(Image-caption web data)
§ §

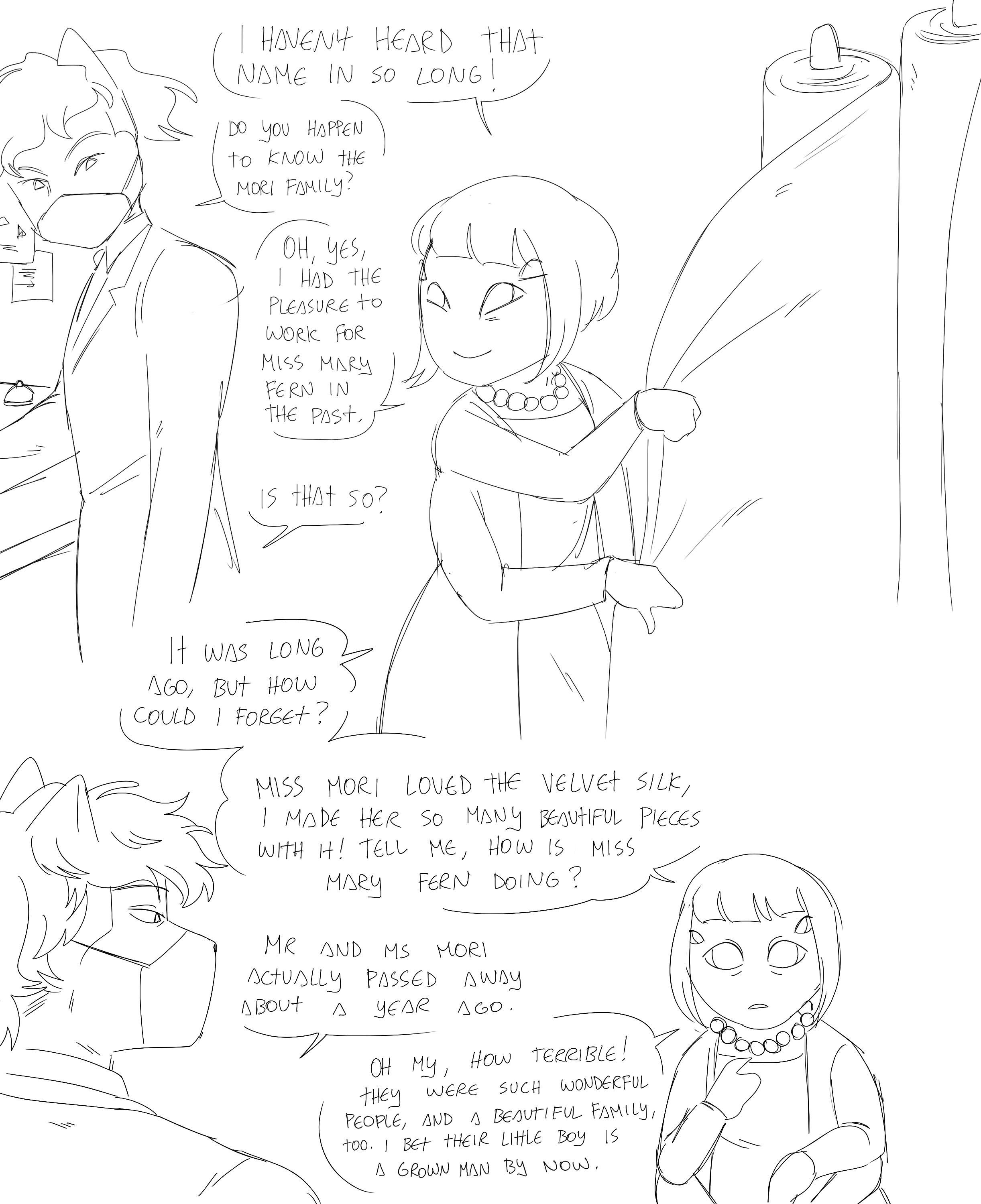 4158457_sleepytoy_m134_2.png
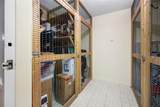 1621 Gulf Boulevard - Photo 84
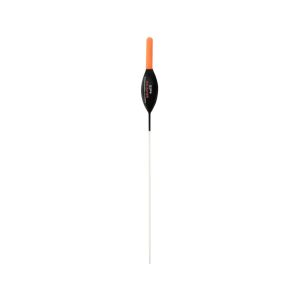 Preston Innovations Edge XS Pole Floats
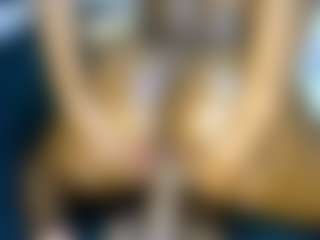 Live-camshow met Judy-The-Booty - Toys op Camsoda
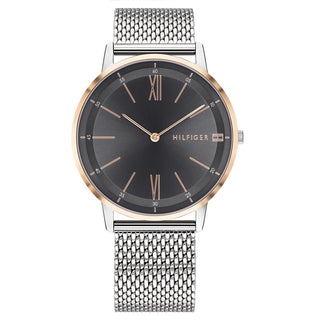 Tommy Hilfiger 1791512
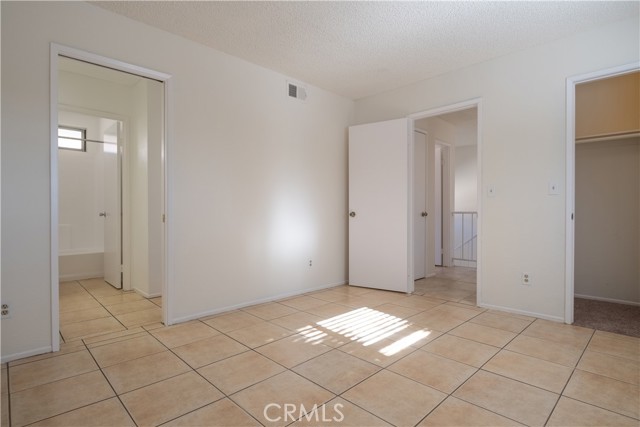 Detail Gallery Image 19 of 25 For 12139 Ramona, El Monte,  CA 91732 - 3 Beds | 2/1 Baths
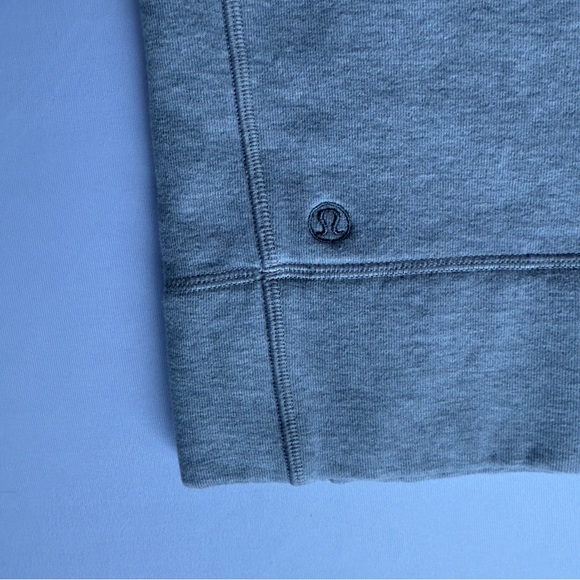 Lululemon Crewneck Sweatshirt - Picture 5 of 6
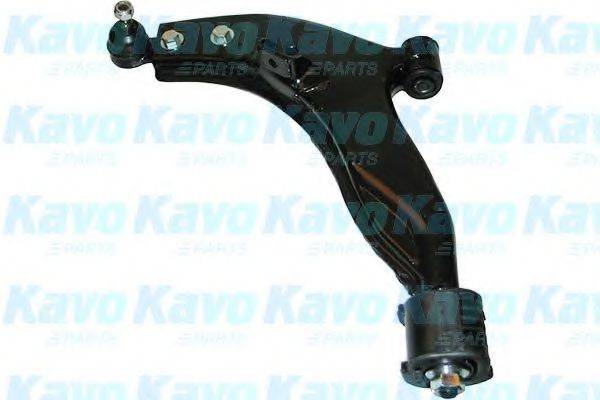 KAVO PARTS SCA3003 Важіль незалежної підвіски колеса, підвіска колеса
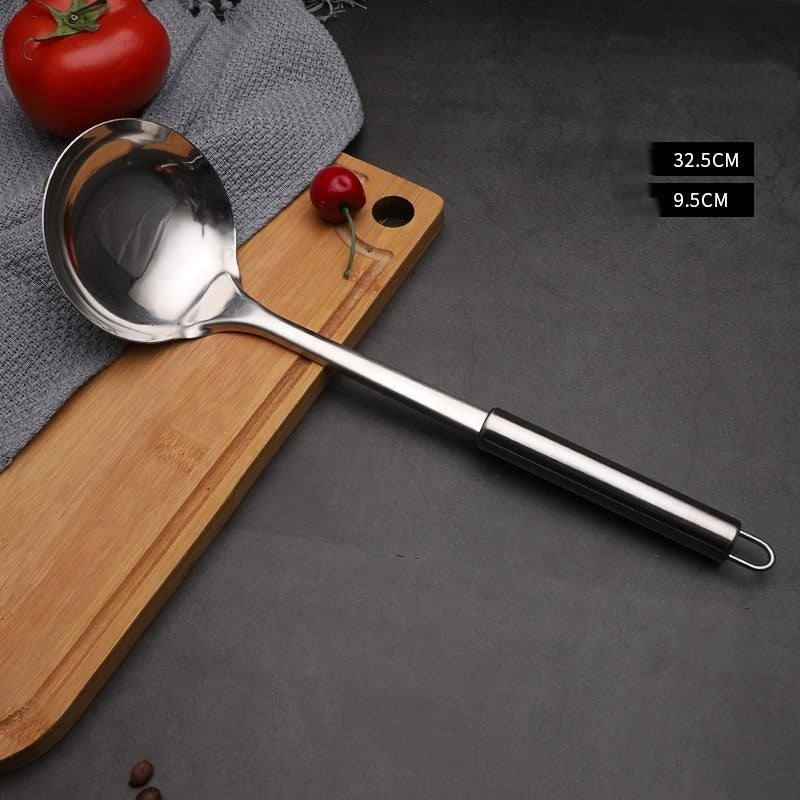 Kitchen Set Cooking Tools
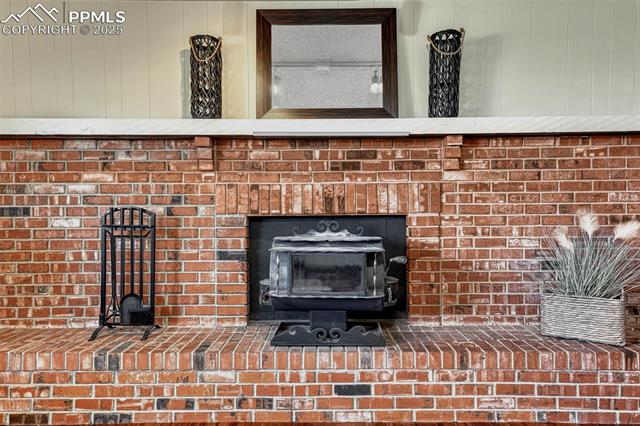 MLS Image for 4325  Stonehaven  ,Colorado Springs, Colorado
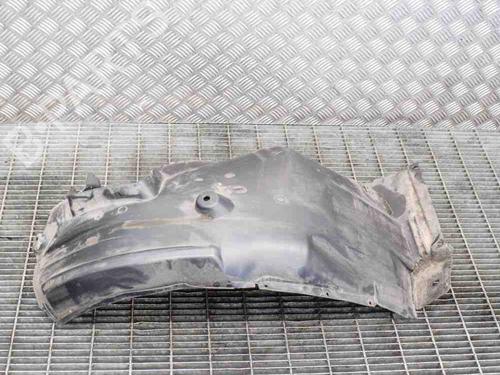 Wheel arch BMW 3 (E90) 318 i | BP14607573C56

§ §

• Activity:
Output the data exactly, pictures omitted.

• Written reply:
 4158457_sleepytoy_m134_2.png
 1621 Gulf Boulevard - Photo 84
 Preston Innovations Edge XS Pole Floats
 Live-camshow met Judy-The-Booty - Toys op Camsoda
 Tommy Hilfiger 1791512
 Detail Gallery Image 19 of 25 For 12139 Ramona, El Monte,  CA 91732 - 3 Beds | 2/1 Baths
 Lululemon Crewneck Sweatshirt - Picture 5 of 6
 KAVO PARTS SCA3003 Важіль незалежної підвіски колеса, підвіска колеса
 Kitchen Set Cooking Tools
 MLS Image for 4325  Stonehaven  ,Colorado Springs, Colorado
 Wheel arch BMW 3 (E90) 318 i | BP14607573C56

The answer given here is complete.